L’organiste Jimmy Smith, originaire de Norristown en Pennsylvanie, confirme ce que Bud disait de ses relations avec son frère, dans une interview qu’il accorda à Jazz Hot en mars 1958 : « J’ai bien connu Bud et son frère. Je jouais au cow boy avec Richie. J’allais chez eux tous les jours et Bud se moquait de Richie et de moi, disant qu’on ne pouvait rien tirer de nous. Mais il trouvait que j’avais plus de cran que Richie, parce que ce dernier remettait tout à plus tard, alors que moi, je désirais au moins apprendre. J’observais Bud, le jeu de ses mains et je m’émerveillais de sa façon d’attaquer tout à fait unique. »

 

Finalement, Richie abandonna le piano pour s’essayer à la batterie et demanda à Max Roach, compagnon régulier de Bud, de lui donner des leçons. Max le fit travailler pendant plus d’un an.

-                   Les résultats ne sont pas très brillants, se souvient Jackie Mc Lean, et Max lui conseilla de se remettre au piano.

Richie revint voir Bud et lui promit, cette fois, d’être sérieux et studieux. Il semble bien qu’il ait tenu promesse puisque deux ans plus tard, il jouait déjà professionnellement, pour d’ailleurs bientôt rejoindre le quintet de Clifford Brown. Cette anecdote assez étonnante tenterait à prouver que décidément les membres de cette famille n’étaient vraiment pas ordinaires !

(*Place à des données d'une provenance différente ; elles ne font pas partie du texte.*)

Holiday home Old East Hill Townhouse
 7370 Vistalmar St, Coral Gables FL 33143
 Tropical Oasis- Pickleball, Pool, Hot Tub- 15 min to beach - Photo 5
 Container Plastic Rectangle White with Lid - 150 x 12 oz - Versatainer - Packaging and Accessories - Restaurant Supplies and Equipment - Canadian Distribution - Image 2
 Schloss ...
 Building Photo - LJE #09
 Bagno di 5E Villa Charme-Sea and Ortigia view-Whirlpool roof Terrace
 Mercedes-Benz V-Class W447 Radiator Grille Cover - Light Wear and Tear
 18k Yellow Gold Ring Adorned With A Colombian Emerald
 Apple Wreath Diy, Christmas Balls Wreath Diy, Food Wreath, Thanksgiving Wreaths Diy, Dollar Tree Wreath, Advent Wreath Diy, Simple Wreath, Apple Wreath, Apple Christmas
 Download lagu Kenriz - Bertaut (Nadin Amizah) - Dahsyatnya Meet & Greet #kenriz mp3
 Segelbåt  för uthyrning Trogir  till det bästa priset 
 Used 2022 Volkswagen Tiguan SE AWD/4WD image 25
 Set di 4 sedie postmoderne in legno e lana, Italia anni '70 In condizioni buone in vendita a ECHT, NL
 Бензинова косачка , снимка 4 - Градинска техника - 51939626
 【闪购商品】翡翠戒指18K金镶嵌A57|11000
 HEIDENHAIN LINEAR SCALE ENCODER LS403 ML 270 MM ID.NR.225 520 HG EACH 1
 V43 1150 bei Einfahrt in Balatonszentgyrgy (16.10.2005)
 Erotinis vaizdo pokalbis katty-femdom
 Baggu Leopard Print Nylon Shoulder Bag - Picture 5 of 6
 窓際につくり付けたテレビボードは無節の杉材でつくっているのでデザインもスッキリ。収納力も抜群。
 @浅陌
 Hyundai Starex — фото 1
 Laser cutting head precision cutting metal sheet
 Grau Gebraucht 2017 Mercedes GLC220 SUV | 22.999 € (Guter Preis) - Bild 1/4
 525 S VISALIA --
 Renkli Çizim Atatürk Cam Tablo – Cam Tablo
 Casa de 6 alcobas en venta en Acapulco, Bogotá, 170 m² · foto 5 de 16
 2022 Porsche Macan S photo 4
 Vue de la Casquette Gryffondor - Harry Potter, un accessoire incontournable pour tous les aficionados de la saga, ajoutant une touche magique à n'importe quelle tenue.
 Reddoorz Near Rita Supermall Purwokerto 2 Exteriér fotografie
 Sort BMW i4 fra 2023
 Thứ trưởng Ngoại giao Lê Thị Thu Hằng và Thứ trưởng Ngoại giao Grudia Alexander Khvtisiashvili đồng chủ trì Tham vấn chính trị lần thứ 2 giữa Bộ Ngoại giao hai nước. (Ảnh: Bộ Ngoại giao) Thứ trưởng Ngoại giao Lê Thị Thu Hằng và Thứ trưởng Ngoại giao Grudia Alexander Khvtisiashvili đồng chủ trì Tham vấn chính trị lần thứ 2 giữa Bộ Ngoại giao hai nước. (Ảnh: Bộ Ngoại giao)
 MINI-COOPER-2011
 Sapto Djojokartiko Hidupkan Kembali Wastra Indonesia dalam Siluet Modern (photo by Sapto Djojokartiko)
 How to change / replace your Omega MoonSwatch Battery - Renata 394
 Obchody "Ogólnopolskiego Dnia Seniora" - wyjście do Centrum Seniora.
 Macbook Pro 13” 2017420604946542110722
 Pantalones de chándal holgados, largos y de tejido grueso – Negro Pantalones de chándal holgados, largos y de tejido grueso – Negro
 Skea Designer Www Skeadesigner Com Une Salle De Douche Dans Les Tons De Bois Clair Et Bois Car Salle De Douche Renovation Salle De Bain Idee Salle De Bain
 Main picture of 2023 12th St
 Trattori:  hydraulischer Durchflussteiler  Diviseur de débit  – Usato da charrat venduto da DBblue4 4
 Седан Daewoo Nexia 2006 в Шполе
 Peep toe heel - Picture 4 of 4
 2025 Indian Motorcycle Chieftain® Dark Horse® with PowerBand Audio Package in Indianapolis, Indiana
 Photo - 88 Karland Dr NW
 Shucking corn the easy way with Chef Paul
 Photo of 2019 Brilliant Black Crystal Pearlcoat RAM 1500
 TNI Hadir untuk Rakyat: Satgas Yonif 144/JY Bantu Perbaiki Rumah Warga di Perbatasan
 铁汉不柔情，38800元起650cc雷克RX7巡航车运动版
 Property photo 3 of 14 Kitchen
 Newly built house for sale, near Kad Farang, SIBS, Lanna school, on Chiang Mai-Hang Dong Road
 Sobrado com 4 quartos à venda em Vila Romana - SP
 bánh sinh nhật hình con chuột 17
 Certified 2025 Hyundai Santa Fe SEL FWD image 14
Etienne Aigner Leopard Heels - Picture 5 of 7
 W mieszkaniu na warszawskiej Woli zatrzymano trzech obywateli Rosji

En évoquant avec tristesse la disparition brutale de Richie dans l’effroyable accident de voiture qui coûta aussi la vie à Clifford Brown, Bud répétait sans cesse comme pour lui-même, d’une voix consternée : « Il était si jeune, si jeune… Il aurait encore fait des progrès. Tu sais Francis, il était si jeune… »

 

Malgré l’autorité indiscutable qu’il représentait dans le monde de la musique et une intelligence très affûtée, Bud manifestait ( comme une énorme contradiction) une crédulité surprenante dans la vie. Ce qui en conséquence lui donnait un curieux comportement d’enfant. Ses questions incessantes à propos de la famille me confirmaient ses pensées en permanence.
A cette époque, il était sans nouvelle des siens. Ce douloureux silence ajouté à l’éloignement forcé devait, j’en suis sûr, lui peser bien lourdement. Le besoin d’affection et l’absence de confort familial consécutif à la rupture de ses parents, semblaient avoir provoqué chez lui comme un arrêt de croissance psychologique, un refus de grandir en quelque sorte. J’avais l’impression qu’il était dans l’attente d’un événement qui lui aurait permis de reprendre une évolution normale vers sa vie d’adulte. Mais il n’arriva rien de tel dans cette existence mal commencée sur le plan affectif. Avec de pareilles lacunes, Bud était plus vulnérable qu’un enfant de cinq ans. Cependant, sa démarche ne changea jamais. Malgré tous les signes extérieurs discutables de sa vie d’homme différent, rien de vint jamais entamer son intégrité spirituelle et musicale.

Ne serait-ce que pour cela, Bud m’imposera toujours le plus profond respect.